• [Problem details]: Drop every image and restate the entries below word for word.

• [Information shown]:
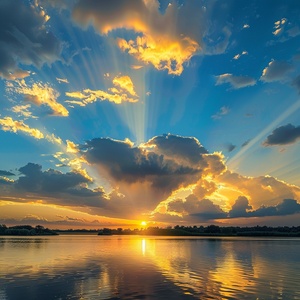 Golden tones render the whole picture, and the saturated afterglow of sunset glow illuminates the center of the sky. Clouds form a heart-shaped vacancy in the center of cumulus clouds, and the blue sky is revealed. The light and shadow of the sunset glow are also reflected on the lake, creating a beautiful scenery. The background is dominated by yellow-green clouds, which produces a refreshing visual effect. Meryl McMaster's artistic style has been displayed in his works, reaching the high-definition le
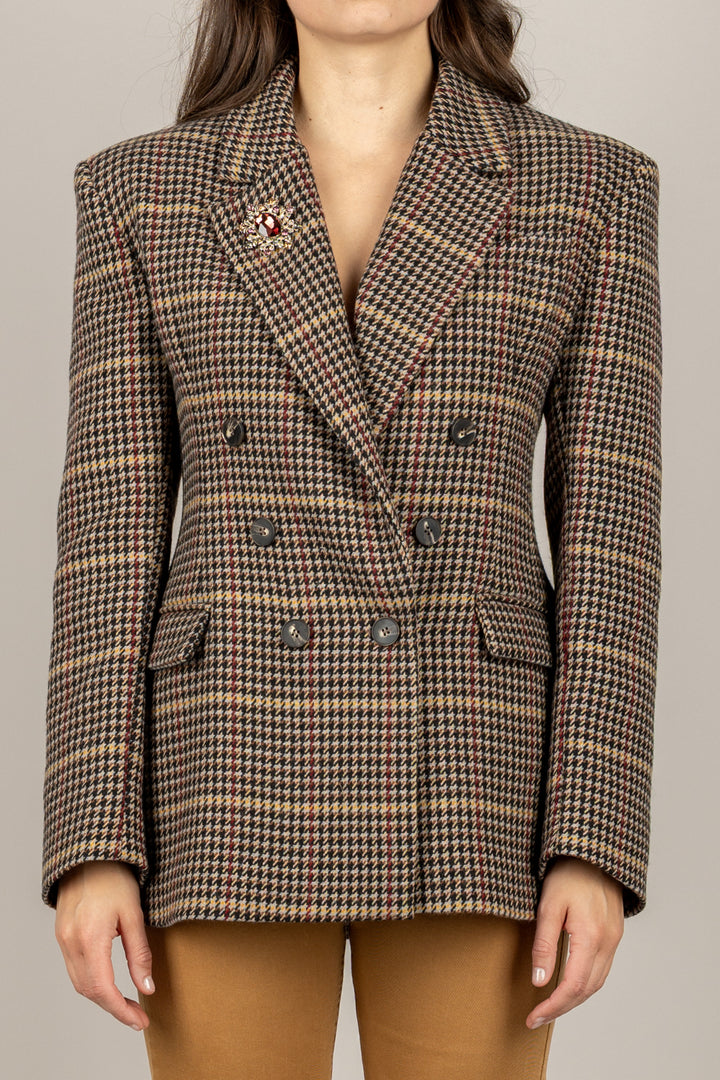 TENSIONE IN - W25J992 - GIACCA PRINCIPE DI GALLES DOPPIO PETTO CON SPILLA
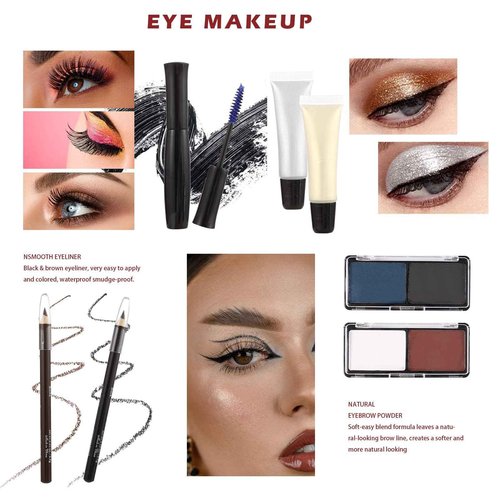 Hegafoo All in One Makeup Kit for Teens, 106 Pcs Professional Makeup Kit for Women Full Kit, Include Eyeshadow Palette, Lipstick Set, Concealer, Foundation, Lipgloss, Makeup Brush(Silver)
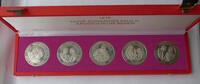 5 Silbermedaillen 1979 Vatikan Papst Johannes Paul II.-Apostolische Reisen- Dom.Rep., Mexiko,Polen, Irland, USA PP, fleckig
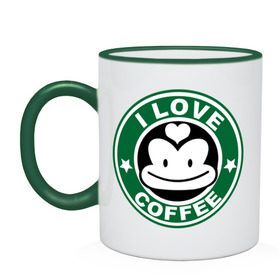 Кружка двухцветная с принтом I love coffee (я люблю кофе) в городе Новоалтайск, керамика | объем — 330 мл, диаметр — 80 мм. Цветная ручка и кайма сверху, в некоторых цветах — вся внутренняя часть | 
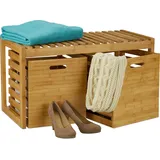 Relaxdays Schuhbank 10024979_0 braun Holz 80,0 cm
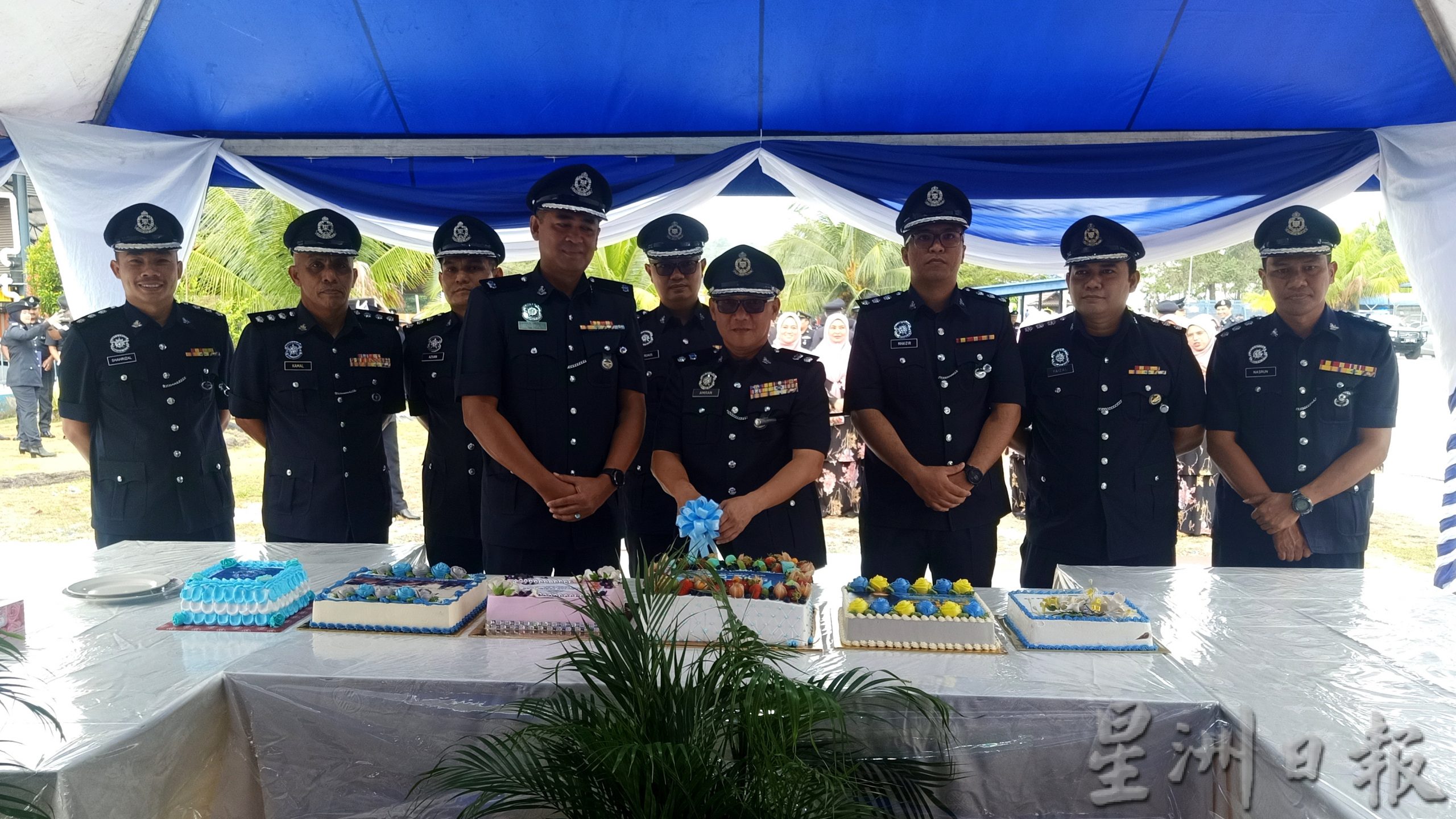 NS庇朥/ 瓜拉庇朥警区总部庆祝第216届警察日庆典，仪式简单而隆重。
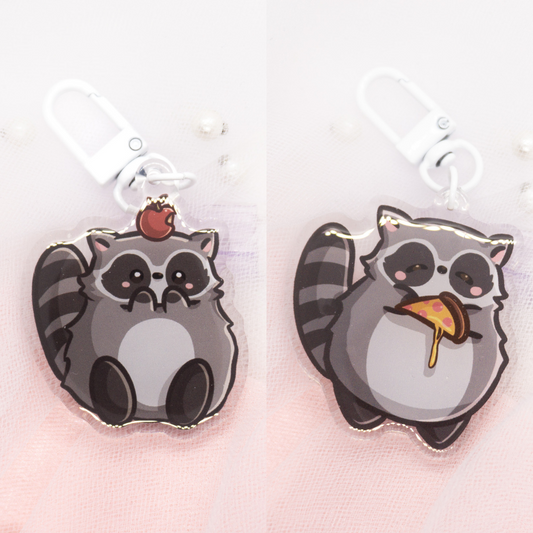 Kawaii raccoon keychain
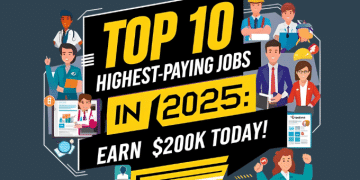 A poster for top 10 highest-paying jobs in 2025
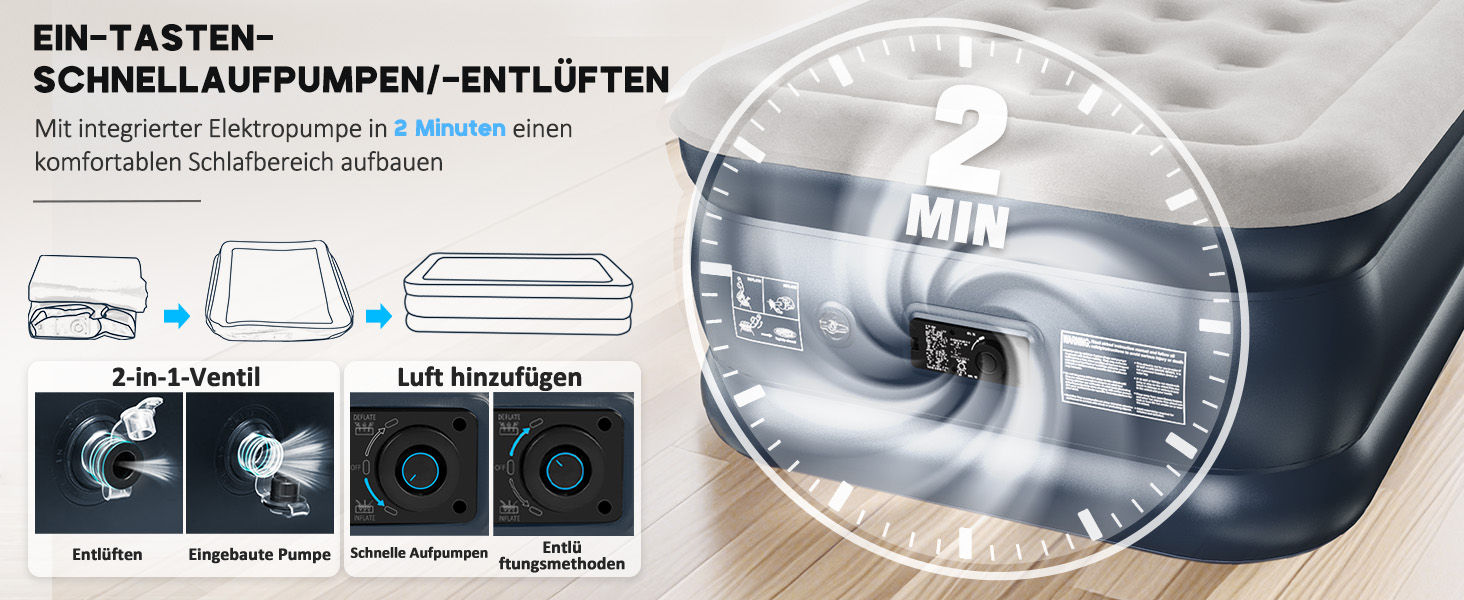 Надувний матрац NALONE для 2 осіб з самонадуваємою системою та вбудованим насосом, для кемпінгу та дому (Twin XL)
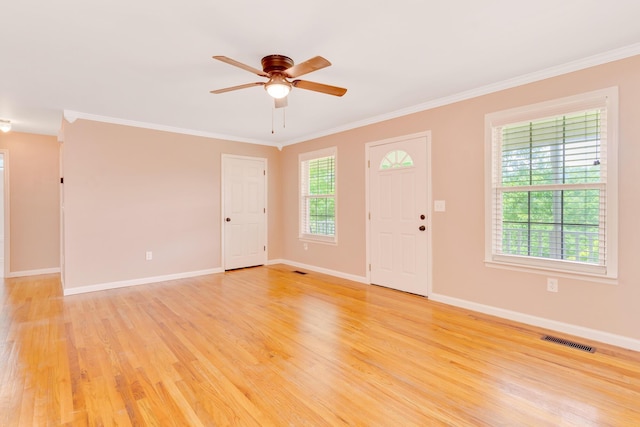 347 Highland Dr, Dunlap, TN 37327 - foyer featuring a ceiling fan, light wood-type flooring, ornamental molding, and baseboards
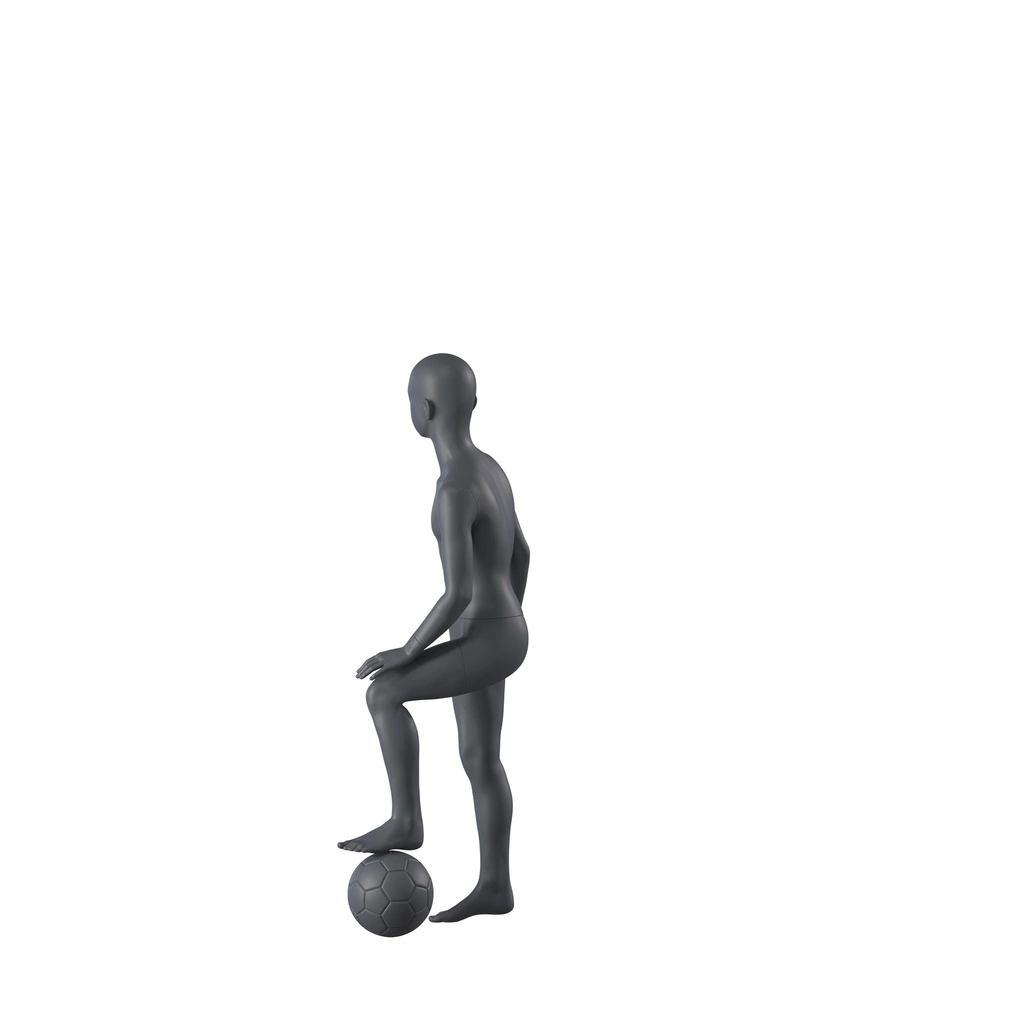 BINK - Maniquí deportivo de fútbol infantil, gris grafito, 8 años, cabeza estilizada, postura 610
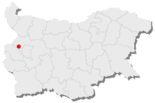 Karte von Bulgarien, Position von Sliwniza hervorgehoben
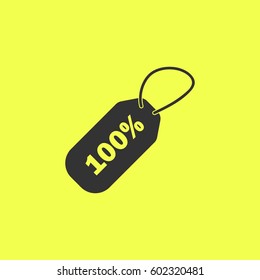 Tag 100% icon flat.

• [Response area]:
 Golden tones render the whole picture, and the saturated afterglow of sunset glow illuminates the center of the sky. Clouds form a heart-shaped vacancy in the center of cumulus clouds, and the blue sky is revealed. The light and shadow of the sunset glow are also reflected on the lake, creating a beautiful scenery. The background is dominated by yellow-green clouds, which produces a refreshing visual effect. Meryl McMaster's artistic style has been displayed in his works, reaching the high-definition le
 TENSIONE IN - W25J992 - GIACCA PRINCIPE DI GALLES DOPPIO PETTO CON SPILLA
 Hegafoo All in One Makeup Kit for Teens, 106 Pcs Professional Makeup Kit for Women Full Kit, Include Eyeshadow Palette, Lipstick Set, Concealer, Foundation, Lipgloss, Makeup Brush(Silver)
 5 Silbermedaillen 1979 Vatikan Papst Johannes Paul II.-Apostolische Reisen- Dom.Rep., Mexiko,Polen, Irland, USA PP, fleckig
 Кружка двухцветная с принтом I love coffee (я люблю кофе) в городе Новоалтайск, керамика | объем — 330 мл, диаметр — 80 мм. Цветная ручка и кайма сверху, в некоторых цветах — вся внутренняя часть | 
 Relaxdays Schuhbank 10024979_0 braun Holz 80,0 cm
 NS庇朥/ 瓜拉庇朥警区总部庆祝第216届警察日庆典，仪式简单而隆重。
 Kawaii raccoon keychain
 A poster for top 10 highest-paying jobs in 2025
 Надувний матрац NALONE для 2 осіб з самонадуваємою системою та вбудованим насосом, для кемпінгу та дому (Twin XL)
 347 Highland Dr, Dunlap, TN 37327 - foyer featuring a ceiling fan, light wood-type flooring, ornamental molding, and baseboards
 BINK - Maniquí deportivo de fútbol infantil, gris grafito, 8 años, cabeza estilizada, postura 610
 Karte von Bulgarien, Position von Sliwniza hervorgehoben
 Tag 100% icon flat.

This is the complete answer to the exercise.